This is intended only to be experience sharing. None of us will be giving anyone else advice, just sharing what we have done ourselves so that participants can consider the questions they want to ask of their formally qualified advisers!

Please don’t reveal information that you are not comfortable with, but equally it is really helpful to other participants if you could provide some non sensitive details eg are you talking about property, shares, cash, super; what are the ownership structures eg personal, company, trust etc; what are the family relationships and nationalities including dual nationalities; which countries are involved, and within Australia, which state(s) and territories as they all have different tax and foreign investors/resident rules. Where possible please provide links to official sources of information so others can check their own circumstances.

Let’s see how we go.
 
My firm policy in planning for my demise, having property and banks in multiple countries is as follows:

1. All properties and accounts in my main country of residence in my name. My will is there too. This country has no inheritance tax.

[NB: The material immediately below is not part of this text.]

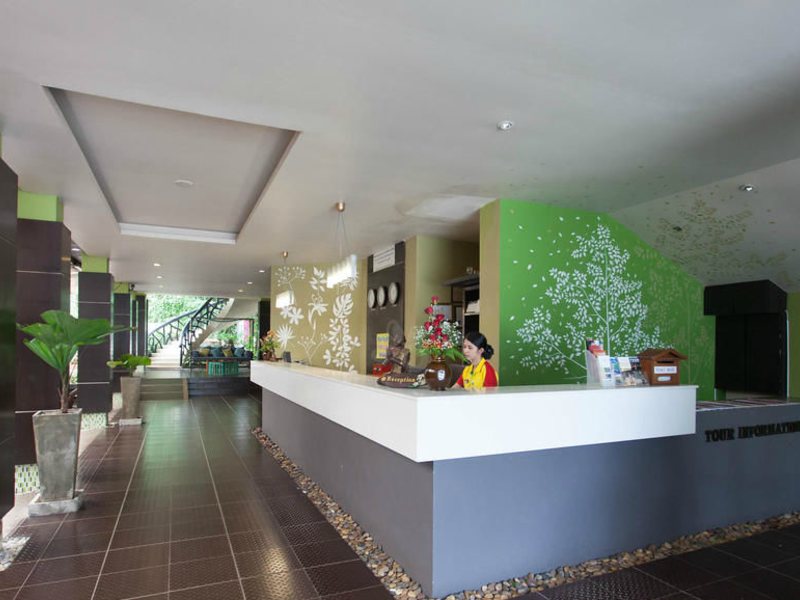 Anyavee Ban Ao Nang Resort (ех 149847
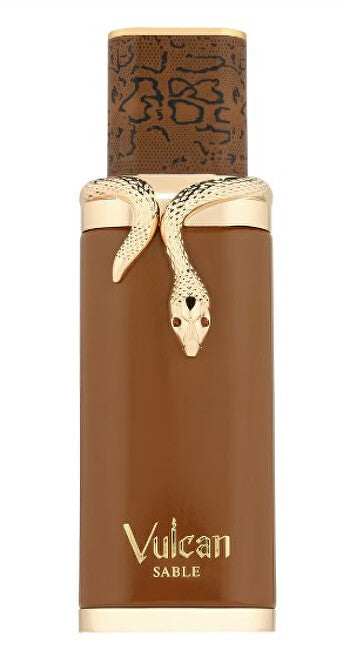 Vulcan Sable - EDP - Volume: 100 ml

2. All properties in other countries will be transferred to intended recipients well in advance (as my parents did).

3. All bank accounts in other countries will be made into joint accounts with intended recipients, if possible. This allows instant 'transfer' (in most countries laws), and also allows existing direct debits such as bill payments to continue without changing the contract, which is tedious in some countries.

4. An offshore trust will probably be dissolved and dispersed to recipients, although I'll probably have to become an expat temporarily to avoid paying tax. This is to avoid the recipients having to pay taxes. It's not particularly large, and probably not worth maintaining when my private pension fund is tax-free anyway.

Just my plans, not necessarily the best. This is based on my experiences from my parents' demises.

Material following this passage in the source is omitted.